Regulation Reference: (EU) No 2015/2450 - templates for the submission of information to the supervisory authorities

Article: 35

Status: Final

Date of submission: 20 Dec 2016

Question

NN Group has a Non-EEA company in Japan (NN Life Japan) for which NN Group received the confirmation from the Dutch NCA (DNB) to treat NN Life Japan as an equivalence entity which may be reported under method 2 (D&A).
As a result NN Life Japan reports only one line (participations) in the QRT S02.01 based on local sectoral rules. Although there is no reconciliation with the SII Balance sheet D&A entities are still required to report all asset QRTs. This in contradiction to the Other Financial Sector (OFS) companies. OFS companies have a similar treatment on the S02.01 as D&A companies (in one line Participation) but are not required to report the asset QRTs.
For NN Life Japan the S06.03 (Look Through) template is extremely difficult to deliver:
•    Details on those funds managed by external asset managers take significant effort to collect and process, not to mention the time lag involved (~2 months post reporting date)
•    From a legal view approval is needed, we cannot place any such look through data request to most external managers w/o having specific executed agreements (NDA) in place
•    Most investment managers provide only data for funds they ultimately manage
•    Solvency II reporting timelines are not in line with data governance practices of non-EEA fund managers
•    Unit linked funds where all risks relating to holding of these assets is borne by the policyholder, When the risk is borne by the policyholder the related assets should be exempt from the look-through requirement. The impact of the exclusion of that piece of information is insignificant on the SCR value but provides a real relief to the companies.

EIOPA answer

EIOPA confirms that ITS requires undertakings in D&A to report line-by-line in S.06.02 and also in S.06.03.

EIOPA believes that the look-through is required for the supervision of the Prudent person principle at group level as well.

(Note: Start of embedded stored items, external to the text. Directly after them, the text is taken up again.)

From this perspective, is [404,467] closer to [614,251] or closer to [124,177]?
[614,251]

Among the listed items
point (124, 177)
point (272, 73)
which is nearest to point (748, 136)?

As part of this principle the group needs to be able to identify the risks to which it is exposed and this is only possible with the look-through of CIU. To be able to comply with this requirements at group level all investments within the group should be covered by the requirement. The only exception is the one to entities from other financial sectors.

In the situation described the group could discuss the use of proxies with the NSA and the discussion would need to take into account the materiality of the amounts. However the general principles of risk management and of the reporting requirements need to be complied with.

In relation to unit linked:

Excluding unit-linked assets undermines a comprehensive view of the undertaking risk profile, in particular contagious risk. The security-by-security reporting will also concern unit-linked products, since we consider that these also present specific risks (for instance, undertakings selling bonds issued by entities of their own group, leading to conflicts of interests; or undertakings exposed to reputational risk if they have a major problem on one of their unit-linked; etc.).